Eskiden tren biletleri üç mevki için ayrı ayrı renkte olurdu. Trenin birinci mevkisine kurulan biri, yanındaki gençle bir konuda münakaşaya tutuşurlar. Adam sinirlenip imdat frenini çeker ve memurlar gelir. Adamı suçlu bulup ceza keserler. Bu arada genç; memurlara der ki:
-Memur Bey! Lütfen adamın biletini kontrol eder misiniz?
Kontrolde, bileti ikinci mevki olduğu anlaşılır ve adamı dışarı çıkarırlar. Gencin yanında oturan bir başkası sorar:
-Biletin ikinci mevki olduğunu nasıl anladın?

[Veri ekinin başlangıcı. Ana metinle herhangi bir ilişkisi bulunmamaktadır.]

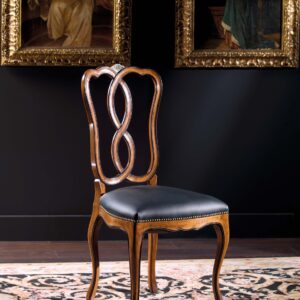 Sedia Venezia "8"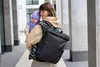Lässig Green Label Outdoor Rolltop Backpack Wickeltasche Produktbild-Vorschau 4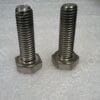 FS A2-70 | HEX HEAD CAP SCREW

-Aynen benimkinin rengindeydi…
Güzel bir fıkra bana göre. Güzelliği satır aralarındaki anlamından geliyor, yine bana göre. Bayılırım böyle ince dokundurmalara. Tabii, bana yapılmadığı sürece. Ne kadar bencilce değil mi?
Bu dokundurmalar genelde de hep hassas ilişkilerde gündeme gelir nedense. Yani gözden çıkarmakla ya da gönüle sokmakla ilgili kararsızlıklar yaşandığındandır benim gözlemleyebildiğim kadarıyla. Bu ilişkilerden biri de anne- evlat ilişkisidir diyebilirim, yine yaşadıklarımdan yola çıkarak.
Annemle ya da oğlumla yaşadıklarımda ben de bunu çok yapıyorum. Çünkü çok hassas ilişkiler bana göre. Bir de şu “ el âlem ne der “ düşüncesi var ya, resmen felç ediyor beni ilişkilerde. Felç olmamak adına paylaşmak istiyorum o yüzden. Fakat “ aynı renk “ ten olduğumuzu biliyorum şükürler olsun. Kabullenmekte zorluk çekiyorum ve onu kolaylaştırmak adına paylaşıyorum.
Oğlum, burada ve ben onunla iki kez çay içmenin dışında iletişime geçemedim. Sadece arabasına tüp taktırdığı için arka koltukta taşımak istemediği ve benim balkonuma bıraktığı stepnesi ile özlem gidermeye çalışıyorum. Ne de olsa ona ait bir eşya!
Buralarda( Fethiye’ de ) tanık oldum; küçük çocukların elindeki “ kokutmalık “ dedikleri kumaş parçasına, çocuk ağlamasın diye eline tutuşturulan ve de onu koklaya koklaya uyuyan çocuklara. Hatta belki size abartı gelecek ama iki çocuk annesi olduğu halde, hala kokutmalıkla uyuyan anneye bile tanık oldum.
Lastik kokusunu hiç sevmem. Araba ile yolculuklarda kâbusum mide bulantısıdır. Öyle olmasa ben de stepneye sarılıp yatabilirdim. Şaka bir yana gerçekten canım yanıyor. Bu ne biçim özlemdir, hiç bitmeyen.
Üstelik paylaşılamayan. Yargılanmaktan korkuyorum en çok da. “ Sen annesin” diye başlayan söylemleri dinlemekten yoruldum artık. Evladın söz konusu olduğunda “ sen annesin “; annen söz konusu olduğunda da “ sen evlatsın “ demelerinden bıktım usandım. Böylece sustum. Sustukça bedenime zarar verdim. Felç geçiriyordum. Yani “ sözün büyüsü “ gerçekleşiyordu; “ resmen felç geçiriyorum “ derken. Sitemim kendimedir o yüzden.
Yalnızca bugün için; başta oğlum ve annem olmak üzere tüm yakınlarımı çok seviyorum ve onları çok özlüyorum. Onlarsız olmaz diyorum ve kocaman bir kucakla sarıp sarmalıyorum.